Mas como estamos a entrar no fim-de-semana, não queria deixar os leitores do Macroscópio circunscritos a temas que, sendo importantes, podem ser considerados um pouco indigestos. Por isso atrevo-me a recuperar algumas peças jornalísticas que podem ter passado despercebidas (aos leitores regulares do Observador) ou serem desconhecidas (por quem não vasculha sem descanso “a rede” aquém a além fronteiras. Ei-las:
- Europe’s New Medieval Map, um interessante ensaio de Robert D. Kaplan no Wall Street Journal sobre a evolução das tensões no nosso continente onde se nota, por exemplo, que “The decades when we thought of Europe as stable, predictable and dull are over. The continent’s map is becoming medieval again, if not yet in its boundaries then at least in its political attitudes and allegiances. The question today is whether the EU can still hope to permanently replace the multicultural Habsburg Empire, which for centuries sprawled across Central and Eastern Europe and sheltered its various minorities and interests. The answer will depend not only on what Europe itself does but also on what the U.S. chooses to do. Geography is a challenge, not a fate.”
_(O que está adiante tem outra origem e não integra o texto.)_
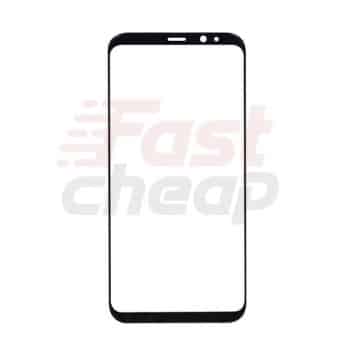 S8 PLUS NEGRO SAMSUNG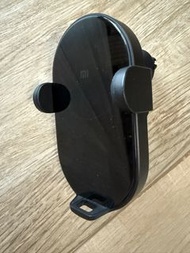小米無線汽車充電器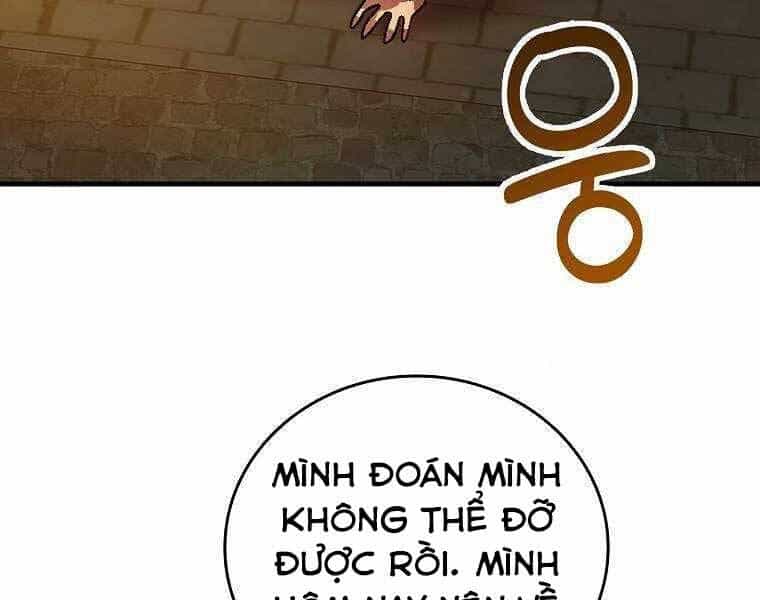 Thánh Cái Khỉ Gì, Đây Là Sức Mạnh Của Y Học Hiện Đại - Chương 4 - ảnh 85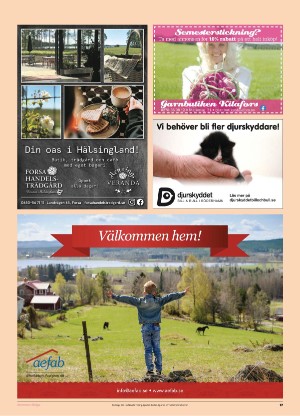 ljusdalsposten_bilag1-20210715_000_00_00_017.pdf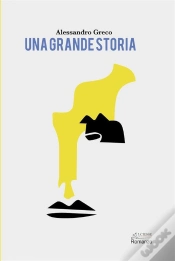 Capa do artigo Una Grande Storia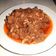 Cooksnap dari Zuliana Day Hasyim untuk resep Sate Garo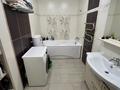 4-комнатная квартира · 123.3 м² · 3/5 этаж, Нурыз за 58 млн ₸ в Костанае — фото 11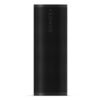 Bocina Portátil Sonos ROAM GEN2 BLACK Inalámbrica,wifi Y Bt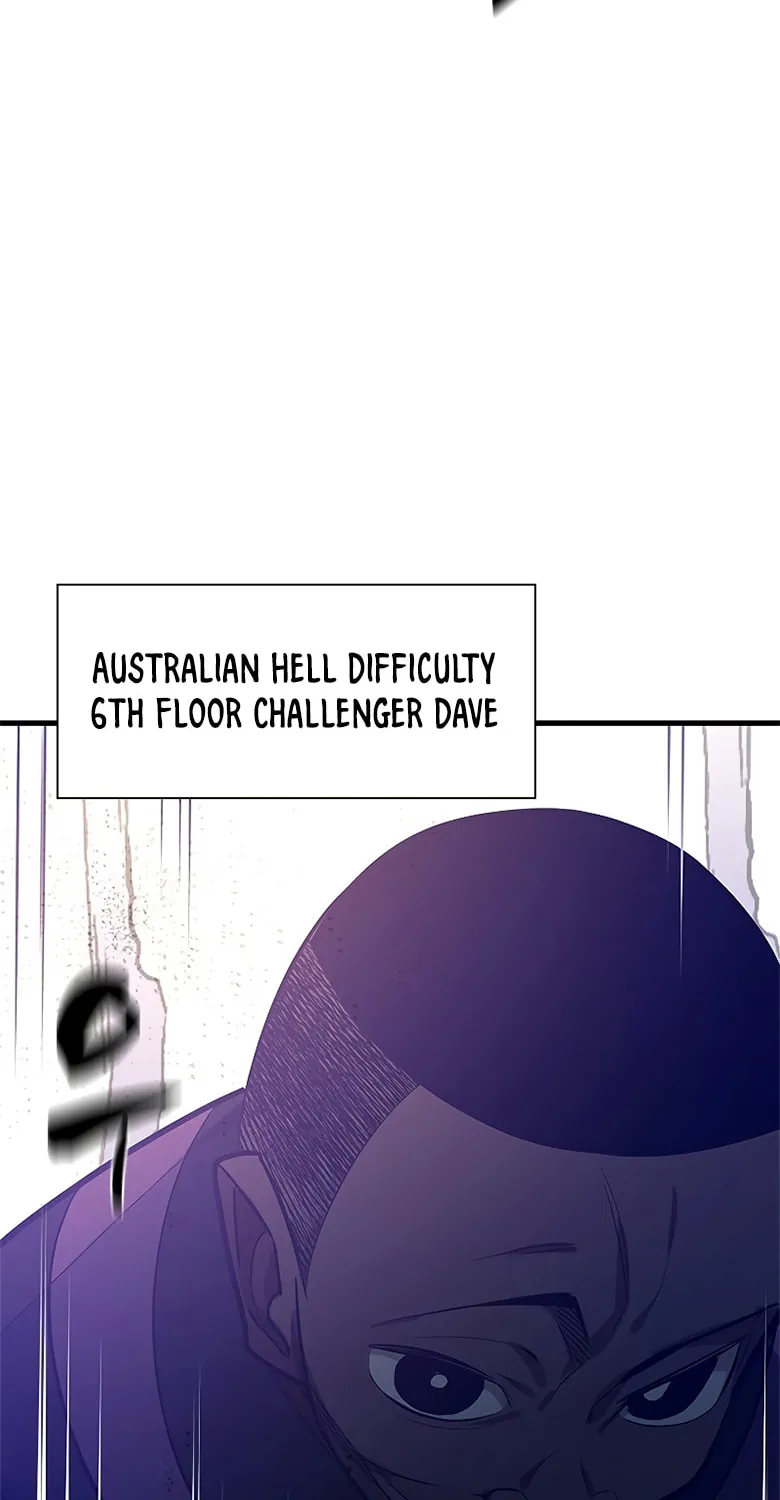 The Tutorial Is Too Tough! Chapter 123 page 101 - 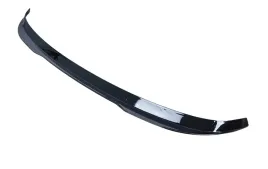 spoiler-vw-golf-vii-t3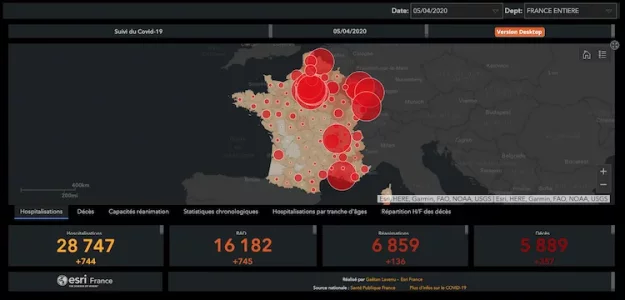 Capture d’écran 2020-04-05 à 23.46.12.webp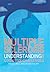 Multiple Sclerosis: Underst...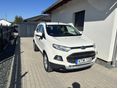 FORD ECOSPORT 1.5 TDCi Titanium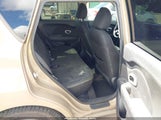 Kia Soul + KNDJP3A58F7124318 photo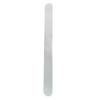 Clear Sticker Racquet Head Edge Guard Protection Tape Tennis Racket Paddle Head Protection Tape Tennis Sports Parts
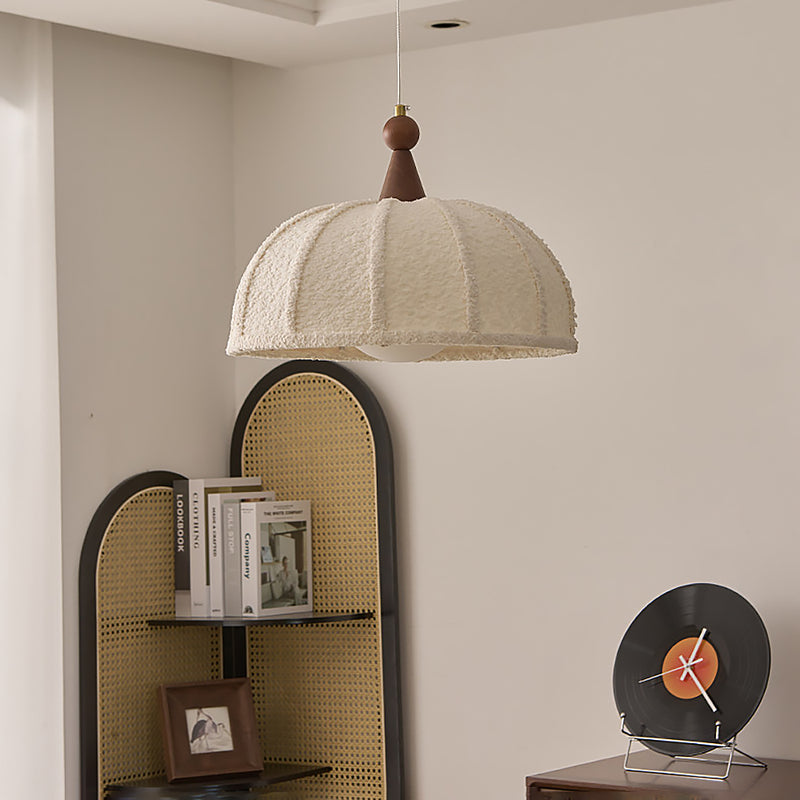 Hazel Pendant Lamp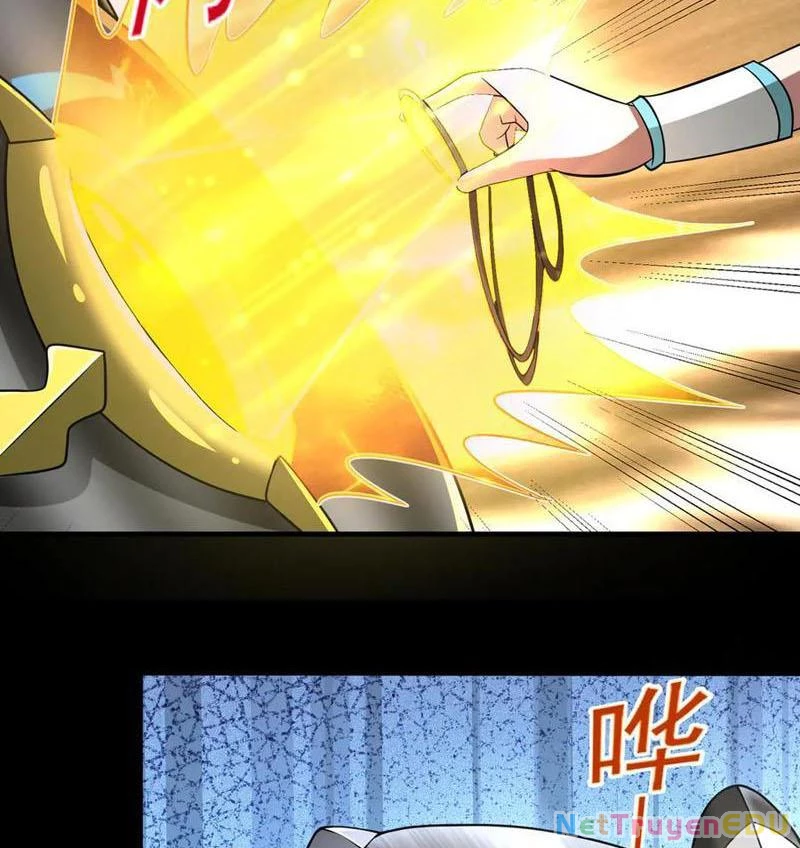 Luyện Khí Chi Thần Chapter 105 - 13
- Últimas noticias desde el frente científico contra la muerte, um belo trabalho do El Pais sobre como “En el último siglo y medio se ha multiplicado la esperanza de vida pero gran parte de los procesos de envejecimiento siguen siendo un misterio para la ciencia”.
- How North Korea Became the World’s Worst Economy, um artigo bem oportuno, de novo do Wall Street Journal, sobre as contradições (e a miséria) de um país que ainda agora foi notícia pelas piores razões, isto é, pelo seu programa nuclear numa altura em que se morre à fome mesmo quando se quer ajudar, mas se ajuda mal: “Catastrophic policies made worse by billions in foreign aid that masked its leaders’ misrule.”
- Portugal: 140 anos à espera de August Strindberg, o primeiro de três especiais do Observador que recupero nesta newsletter, este sobre ter sido preciso esperar até 2015 para ler em português "Inferno" e "O Salão Vermelho”, duas obras fundamentais de um escritor genial, misógino e louco cuja vida Joana Emídio Marques recorda.
- Agatha Christie: a escritora que sabia matar, onde Miguel Freitas da Costa recorda, a propósito dos 40 anos da sua morte, a autora que criou Poirot e Miss Marple, vendeu milhões e é a terceira escritora mais traduzida de sempre, só atrás de Shakespeare e da Bíblia. Os muitos fãs não devem perder, os que ainda não são fãs talvez comecem a ser…
- Afinal, quem tramou a Zona Euro?, um trabalho de Pedro Romano que sintetiza a posição de 16 economistas, vários dos quais figuras de topo, que se juntaram para explicar a crise do euro com base numa narrativa diverge da história oficial. É um texto que, de alguma forma, nos obriga a recordar um dos ensaios mais importantes (e influentes) publicados o ano passado pelo Observador, o texto de Vítor Bento Eurocrise: Uma outra perspectiva.
Despeço-me com uma chamada de atenção. Nas últimas duas semanas o Observador publicou entrevistas, algumas delas mais interessantes do que se poderia esperar, com os candidatos presidenciais (pode procurá-las aqui ou aqui), mas a minha chamada de atenção vai já para um texto que ainda não saiu: o retrato de Marcelo Rebelo de Sousa por Maria João Avilez. Regresso ao Observador no próximo domingo à noite que não se arrependerá – e poderá ficar a saber bem mais sobre quem é realmente o homem por trás do candidato.
Bom descanso, boas leituras e um melhor fim-de-semana. Revemo-nos segunda-feira.